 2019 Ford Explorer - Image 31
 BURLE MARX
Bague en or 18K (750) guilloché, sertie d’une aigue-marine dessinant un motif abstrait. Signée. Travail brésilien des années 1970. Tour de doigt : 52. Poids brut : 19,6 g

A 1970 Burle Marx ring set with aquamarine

==

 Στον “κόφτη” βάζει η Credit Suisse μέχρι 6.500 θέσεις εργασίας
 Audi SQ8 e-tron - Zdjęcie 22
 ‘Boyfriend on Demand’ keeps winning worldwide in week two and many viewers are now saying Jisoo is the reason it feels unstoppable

---

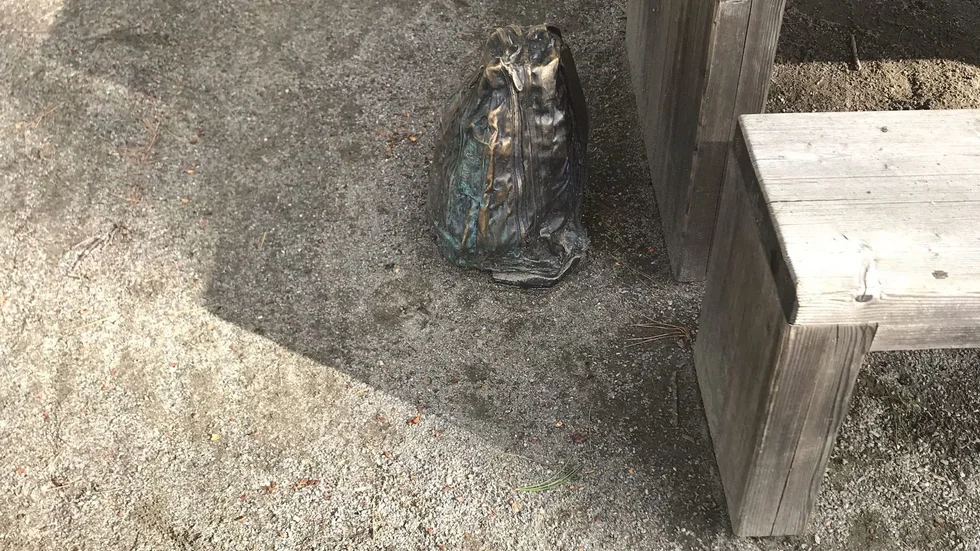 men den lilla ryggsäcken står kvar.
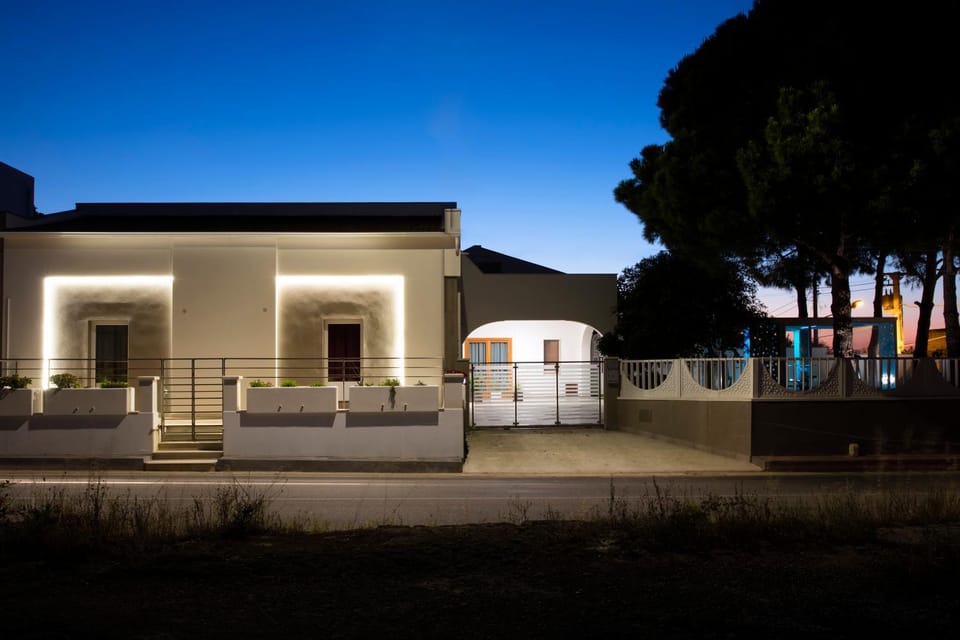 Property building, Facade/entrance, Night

**TASK BRIEF:** Reproduce exactly the lines of the records above from the one with "Audi SQ8 e-tron - Zdjęcie 22" to the one with "it feels unstoppable", both included, and leave out everything else.

**ANSWER SECTION:**
 Audi SQ8 e-tron - Zdjęcie 22
 ‘Boyfriend on Demand’ keeps winning worldwide in week two and many viewers are now saying Jisoo is the reason it feels unstoppable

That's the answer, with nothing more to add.